Permian bidding war: Occidental Petroleum sells off Anadarko's African assets - Albuquerque Journal

Permian bidding war: Occidental Petroleum sells off Anadarko’s African assets

A key aspect of Occidental Petroleum’s acquisition of Anadarko continued this week as the oil and gas major continued to solidify its position in the Permian Basin of southeast New Mexico and West Texas.

The $55 billion purchase of Anadarko, a major player in the Permian, was finalized in August after a bidding war erupted between Occidental and global oil and gas giant Chevron Corporation.

Chevron initially offered to buy out Anadarko for $33 billion, valuing the company at $50 billion, but was countered by Occidental’s offer of $57 billion.

Although Chevron was still viewed as the favorite to win the bidding war following Occidental’s counter, Berkshire Hathaway and celebrity billionaire chairman Warren Buffett strengthened Occidental’s position with a $10 billion contribution should the sale to Occidental close.

Occidental also committed to selling Anadarko’s assets in Africa, including a liquefied natural gas (LNG) plant in Mozambique for an additional $8.6 billion to French oil and gas company Total S.A.

In a Monday news release, Occidental announced that transaction was completed, as the company looked to grow its efforts to develop resources in the Permian Basin.

The LNG plant sold to Total for $3.9 billion and the two companies committed to continue to work on closing Anadarko’s remaining African assets and the other $4.7 billion in value.

The remaining assets were in Algeria, Ghana and South Africa, and their closings were part of the agreement signed by the companies in August, read the release.

Furthering its stake in the Permian, Occidental also enacted a joint venture with Columbian oil and gas company Ecopetrol to develop acreage in the Midland Basin, on the Texas side of the Permian.

The deal was for $750 million in cash, and another $750 million in carried capital, read the release, and was expected to close by the end of 2019.

Occidental also completed the $650 million sale of its holdings in Plains All American Pipeline, a partnership between multiple oil and gas companies for transportation, marketing and storage of oil and gas products across the country.

The company plans to continue to work toward its goal of delivering $10 billion to $15 billion in asset sales, the release read.

Chief Executive Officer Vicki Hollub said she expects to realize “the full value” of the Anadarko transaction through the company’s recent efforts.
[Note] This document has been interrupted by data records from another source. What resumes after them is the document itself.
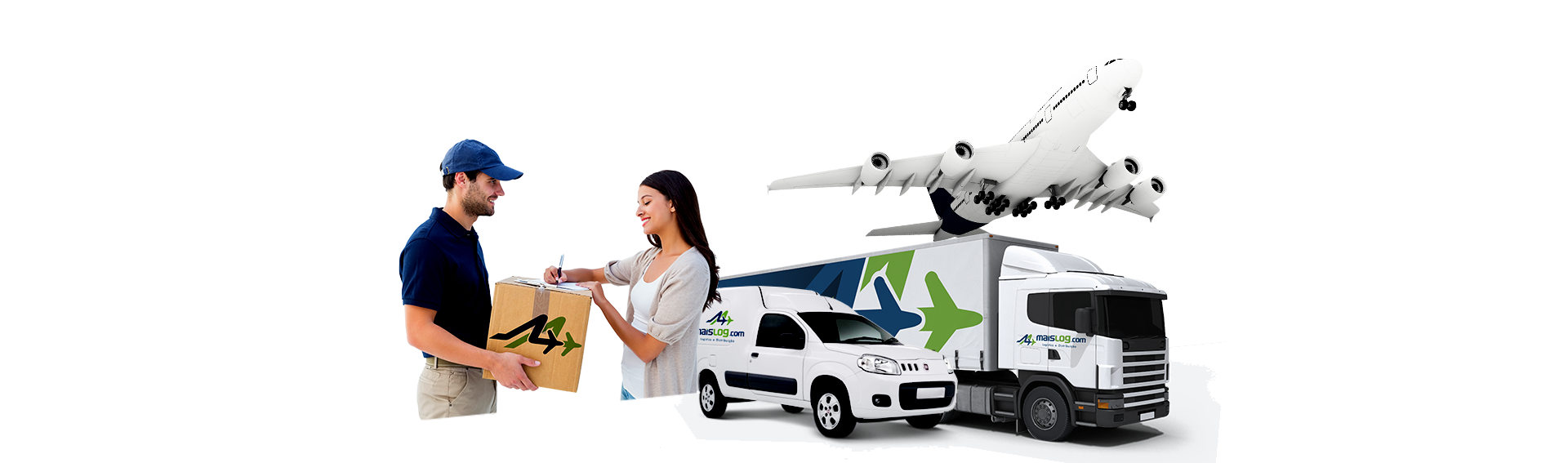 Entregador MaisLog, cliente, veículos de transporte e avião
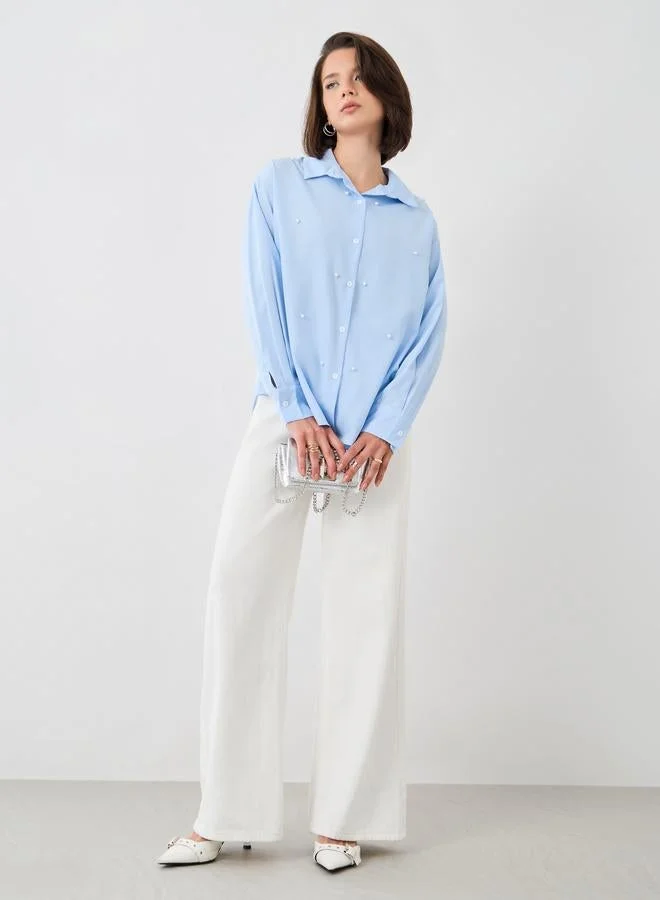 تايك تو قميص واسع بياقة مزخرفة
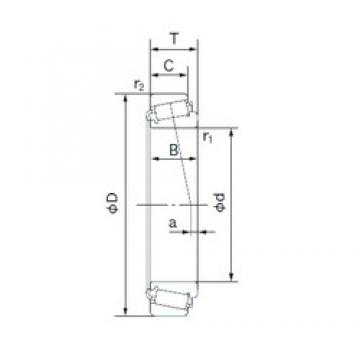 30 mm x 55 mm x 17 mm  NACHI E32006J Rolamentos de rolos gravados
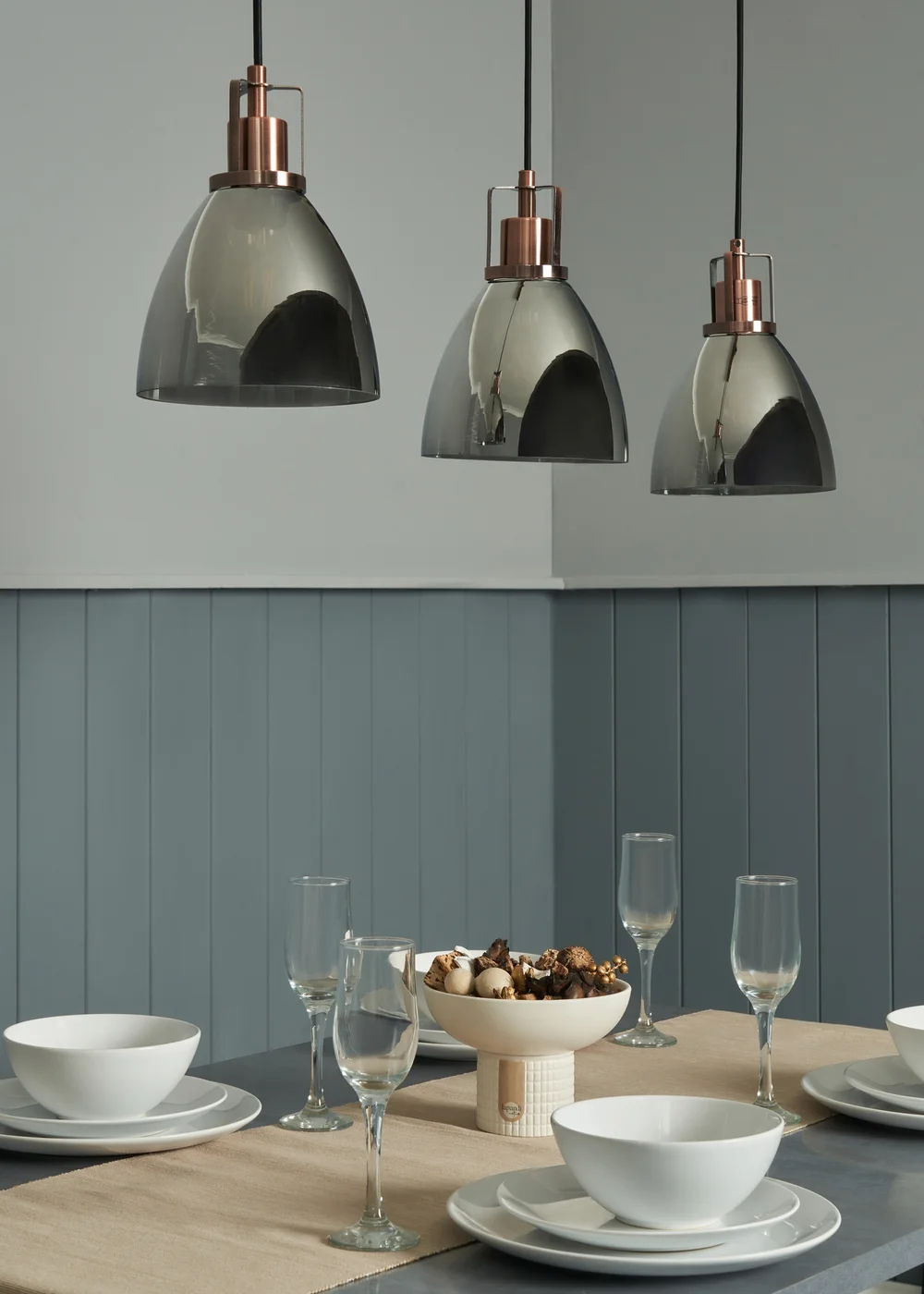 INLIGHT DECLYN Glass 3 Light Diner Pendant Copper & Smoke (40-110cm x 90cm) - ONZ Image 2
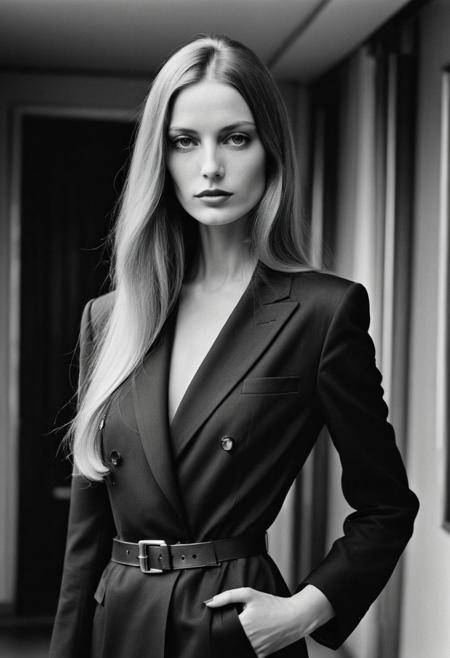 Extremely beautiful woman,very long hair, masterpiece,  1960s style portrait photograph by Helmut Newton, Rolleiflex medium format tlr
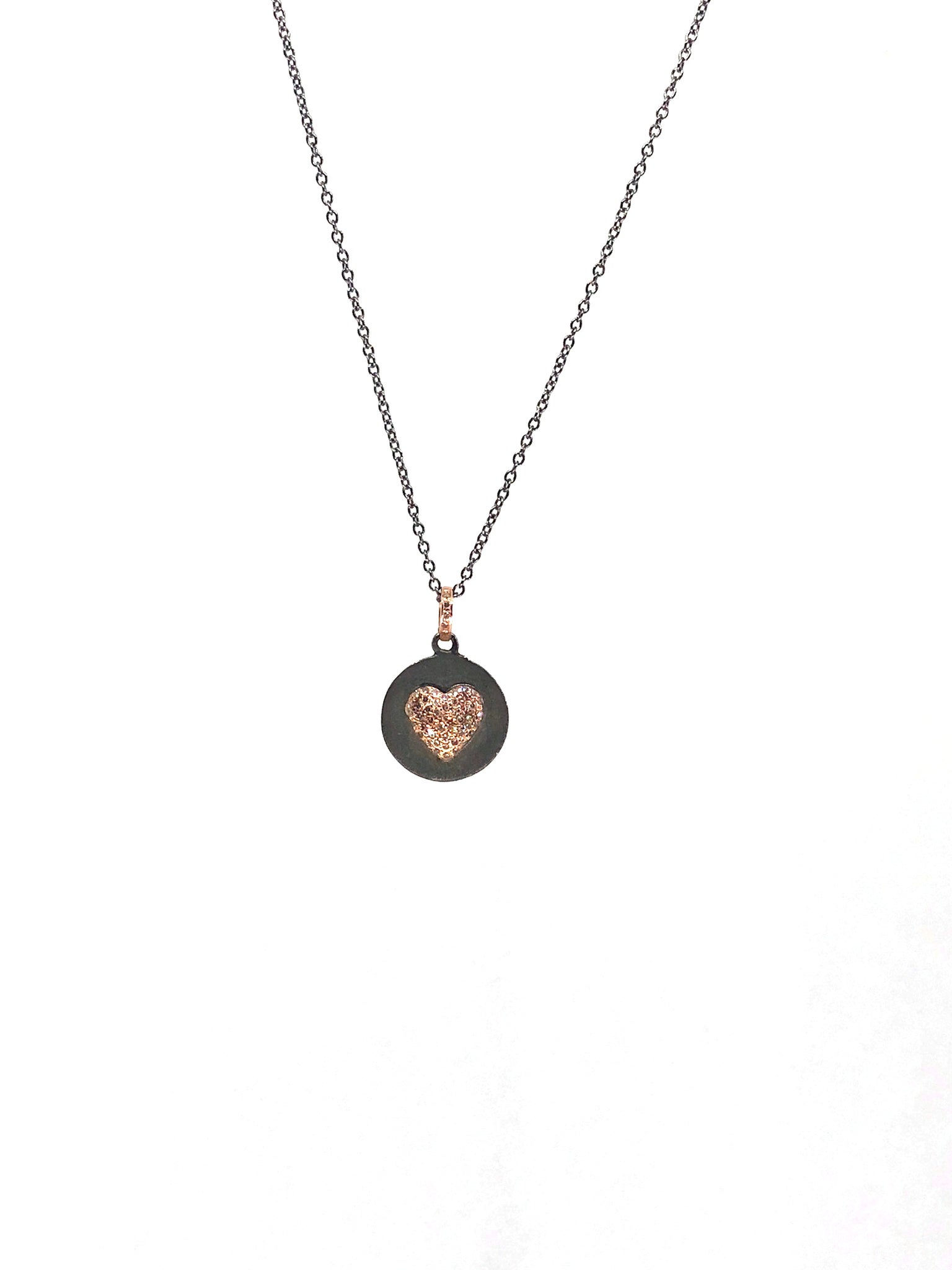 Rose Gold, Sterling Silver and Diamond Heart Necklace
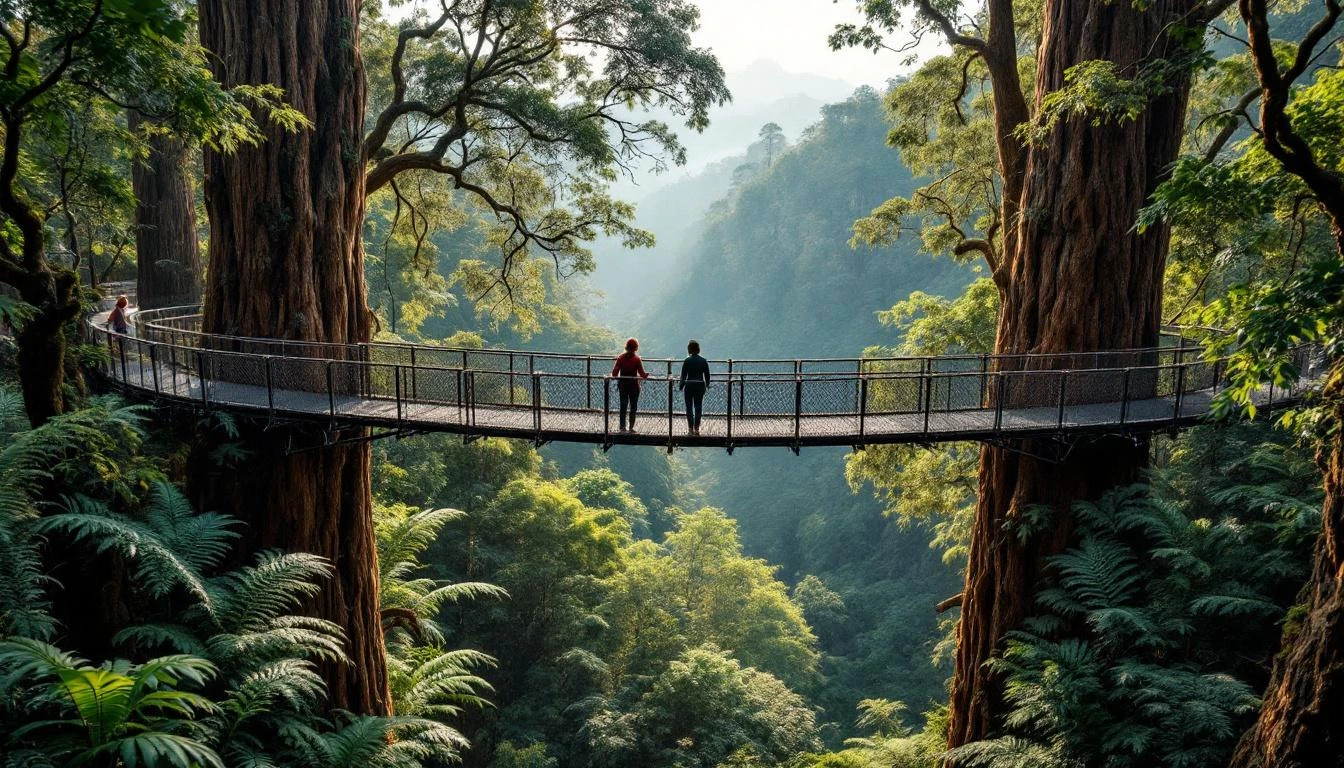 The Otway Fly Treetop Walk steel walkway above the rainforest canopy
“We have made progress quickly on our post-acquisition divestiture and deleveraging goals and remain confident in our ability to realize the full value of the Anadarko acquisition for our shareholders,” Hollub said.

“Upon completion of our recent initiatives, we will have reached approximately $10 billion of our targeted divestitures with more to follow.”

U.S. oil prices remain flat, backtrack after Saudi attack

Oil prices continued a downward slump, resting at about $54 per barrels as of Tuesday, down from a spike to more than $62 per barrel in mid-September.

The rapid growth last month from about $54 on Sept. 13 to $62 on Sept. 16 was driven by an attack from Yemeni rebels the U.S. blamed on Iran on Saudi Arabia’s oil refinery, cutting that country’s production in half.

That processing attacked facility in Abqaiq was restored to capacity as of Monday, read a report from ENVERUS – formerly Drillinginfo, but production had not resumed.

A ceasefire between the Saudis and Yemen was announced on Friday, bringing some stability to the Middle East, read the report.

But global market anxiety then shifted to trade tensions between the U.S. and China, and concerns for a global economic slowdown driving down oil prices.

“Detracting further from the withering geopolitical risk premium was Friday’s announcement of a Saudi-Yemeni ceasefire,” the report read. “With geopolitical risk diminishing, the trade war between the US and China has returned to the forefront amid growing concerns about a global economic slowdown.”

The result of the shifting pressures was a neutral to negative direction for the market, read the report, as the price per barrel of West Texas Intermediate was expected to drop to $53 per barrel or even lower.

“Market internals last week reversed the slight positive bias that had developed with the declines throughout the week, and the market now has a neutral to negative bias,” the report read.

“Regardless of the potential for geopolitical issues to provide upward volatility, the market has now defined the near-term area that will find significant selling.”